> _Task description_:
Which lines of the data contain the string "Funny"? Copy every one of them.

> _Short web captions_:
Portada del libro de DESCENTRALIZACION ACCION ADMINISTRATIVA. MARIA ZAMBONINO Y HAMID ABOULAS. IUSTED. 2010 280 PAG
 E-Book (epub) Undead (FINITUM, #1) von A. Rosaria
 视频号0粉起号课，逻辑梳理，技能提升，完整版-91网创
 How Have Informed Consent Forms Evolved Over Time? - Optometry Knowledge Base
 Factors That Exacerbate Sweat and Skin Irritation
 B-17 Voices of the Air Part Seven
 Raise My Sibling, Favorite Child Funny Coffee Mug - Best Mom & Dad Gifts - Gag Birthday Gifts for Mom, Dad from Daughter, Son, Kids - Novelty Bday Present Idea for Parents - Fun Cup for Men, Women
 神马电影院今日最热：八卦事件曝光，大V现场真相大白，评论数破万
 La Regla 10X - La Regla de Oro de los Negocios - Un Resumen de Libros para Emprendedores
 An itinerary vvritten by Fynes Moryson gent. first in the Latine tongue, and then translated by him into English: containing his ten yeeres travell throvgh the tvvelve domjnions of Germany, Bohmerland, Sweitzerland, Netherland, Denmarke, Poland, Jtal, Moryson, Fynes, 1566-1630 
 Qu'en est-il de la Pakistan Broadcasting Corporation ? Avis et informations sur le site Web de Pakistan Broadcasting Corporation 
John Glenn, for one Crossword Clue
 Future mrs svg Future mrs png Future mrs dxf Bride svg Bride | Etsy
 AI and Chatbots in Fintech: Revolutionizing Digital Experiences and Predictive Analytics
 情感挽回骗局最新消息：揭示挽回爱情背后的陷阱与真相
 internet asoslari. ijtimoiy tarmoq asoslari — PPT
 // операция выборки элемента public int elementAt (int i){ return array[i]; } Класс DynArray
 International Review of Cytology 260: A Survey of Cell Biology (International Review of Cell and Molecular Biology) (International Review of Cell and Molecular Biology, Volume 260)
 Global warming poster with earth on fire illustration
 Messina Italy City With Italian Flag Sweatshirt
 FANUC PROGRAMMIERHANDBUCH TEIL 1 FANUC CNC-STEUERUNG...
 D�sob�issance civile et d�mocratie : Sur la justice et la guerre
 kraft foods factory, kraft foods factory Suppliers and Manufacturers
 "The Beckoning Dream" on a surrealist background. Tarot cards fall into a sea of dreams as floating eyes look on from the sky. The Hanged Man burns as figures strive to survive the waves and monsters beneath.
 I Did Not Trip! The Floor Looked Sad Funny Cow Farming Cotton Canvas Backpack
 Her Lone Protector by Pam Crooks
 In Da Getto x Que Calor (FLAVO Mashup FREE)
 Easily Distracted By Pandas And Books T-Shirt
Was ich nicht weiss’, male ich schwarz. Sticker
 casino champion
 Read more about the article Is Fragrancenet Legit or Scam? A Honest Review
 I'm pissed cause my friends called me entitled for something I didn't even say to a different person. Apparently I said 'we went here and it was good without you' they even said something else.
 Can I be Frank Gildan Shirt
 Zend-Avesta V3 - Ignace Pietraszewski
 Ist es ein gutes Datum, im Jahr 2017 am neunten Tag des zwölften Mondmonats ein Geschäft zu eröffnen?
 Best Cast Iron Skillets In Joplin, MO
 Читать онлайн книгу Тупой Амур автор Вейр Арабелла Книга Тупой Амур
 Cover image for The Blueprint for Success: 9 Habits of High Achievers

> _Result for this exercise_:
 Raise My Sibling, Favorite Child Funny Coffee Mug - Best Mom & Dad Gifts - Gag Birthday Gifts for Mom, Dad from Daughter, Son, Kids - Novelty Bday Present Idea for Parents - Fun Cup for Men, Women
 I Did Not Trip! The Floor Looked Sad Funny Cow Farming Cotton Canvas Backpack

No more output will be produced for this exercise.